[Dataset excerpt]:
______________________________
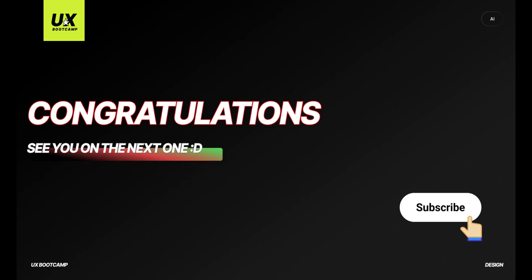Congratulations on watching to the end. If you like this video, subscribe to my channel. You won't miss out on more great content. I will see you in the next episode. Bye bye.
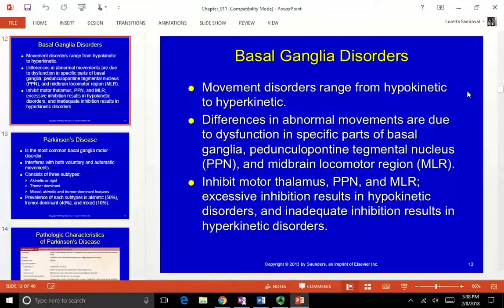We're going to talk about basal ganglia disorders, which are usually classified as movement disorders. You can look at them on a scale between hypokinetic, meaning less movement, and hyperkinetic, meaning more movement. Differences in abnormal movements are due to dysfunction in specific parts of the basal ganglia, the PPN, and the midbrain locomotor region.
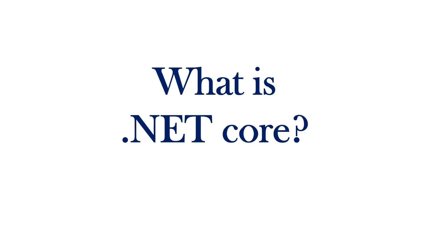Hi, this is Sahana. In this session we are going to understand what is .NET Core.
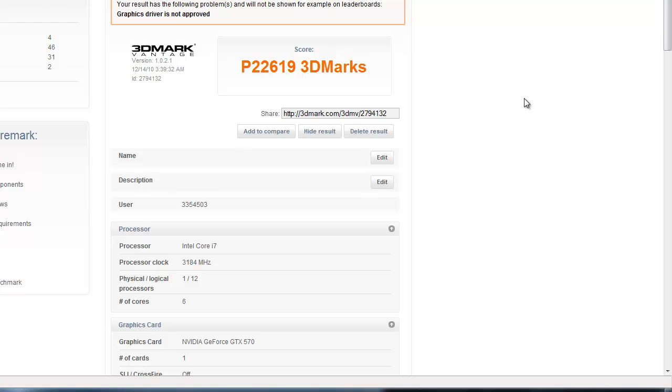I'm still leaning towards the GTX 570. Let me know in the comments and please subscribe. PowerGPU signing out.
______________________________
Set down every line above exactly, pictures excluded.

[Completed task]:
Congratulations on watching to the end. If you like this video, subscribe to my channel. You won't miss out on more great content. I will see you in the next episode. Bye bye.
We're going to talk about basal ganglia disorders, which are usually classified as movement disorders. You can look at them on a scale between hypokinetic, meaning less movement, and hyperkinetic, meaning more movement. Differences in abnormal movements are due to dysfunction in specific parts of the basal ganglia, the PPN, and the midbrain locomotor region.
Hi, this is Sahana. In this session we are going to understand what is .NET Core.
I'm still leaning towards the GTX 570. Let me know in the comments and please subscribe. PowerGPU signing out.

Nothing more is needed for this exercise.